Accountant friend of mine just clarified what the "tax rebate" is going to mean, which is that on your 2009 taxes, you'll have to report how much of a rebate you got, and that amount will be deducted from your refund or added to the amount you owe.
That doesn't sound like a rebate. That sounds remarkably like a loan I didn't ask for.
"I feel very passionately about these issues and it's hard for me not to get upset when I discuss them and I feel like the other person is being jokey and dismissive. Because to me, we are discussing hopes and dreams and not punchlines."
Kat, yes! This. I vote this.
Accountant friend of mine just clarified what the "tax rebate" is going to mean, which is that on your 2009 taxes, you'll have to report how much of a rebate you got, and that amount will be deducted from your refund or added to the amount you owe.
Shrift, I think your accountant friend is wrong. I've read a lot of things saying explicitly that *this* rebate isn't like the 2001 rebate (which *was* a loan-advance-type thing).
That doesn't sound like a rebate. That sounds remarkably like a loan I didn't ask for.
"That's not a rebate. It's an advance." - Charlie Young
Kat, yes! This. I vote this.
HA! I've been saying stuff like this to work people for a week or so. Not related to the election, but to vocabulary instruction. It took me a couple of hours to craft an I-message that I could deliver seamlessly.
Kat, I did respond with something very close to that.

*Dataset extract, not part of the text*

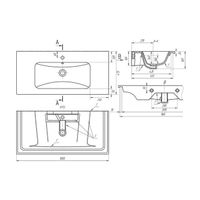 раковина 1005х475х187 Эйфория-100 — фото 1, Раковины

I don't want to be one of those people who throws, "You can't understand ___ until you've ____!" into an argument, but I don't know how else to convey it. I think about the last 8 years of judicial appointments; I think about my mom's friend who grew up in a nightmare family in pre-Roe East Texas and had a shame-and-risk-filled Mexican abortion and a Midwestern adoption before she was 18, and how they both wrecked her and haunt her still; I think about that image we all know of the woman crumpled on the hotel room floor; and then I think about Matilda, and my throat closes up and I can't put forth a reasoned argument. It's too close to the bone. But because it's Matilda and her future, I feel like somehow I owe it to her to try to talk this jokester into taking it all seriously.
And then I go right from there to nut-ripping. So, not particularly productive.
And then I go right from there to nut-ripping. So, not particularly productive.
On the contrary; I think nut-ripping makes your point in a VERY productive manner.
Shrift, I think your accountant friend is wrong.
I just don't trust the government with anything right now, Steph. Can you tell me where you've seen this, and whether they're referring to the bill that passed yesterday?
Oh, on a lighter political note, Obama is in Seattle for a rally right now. I would've skipped work to go if I hadn't already missed two days sick this week, and a couple of my coworkers are there. Anyway, I just got the following sighting report from a friend of DH's:
"my coworker (who is a political wonk) ran into Obama coming out of All Star Fitness on Olive today. He obviously hadn't used their shower facilities (well, his hotel bathroom is probably nicer and if he's staying at the Westin it definitely is) and apparently he's really skinny."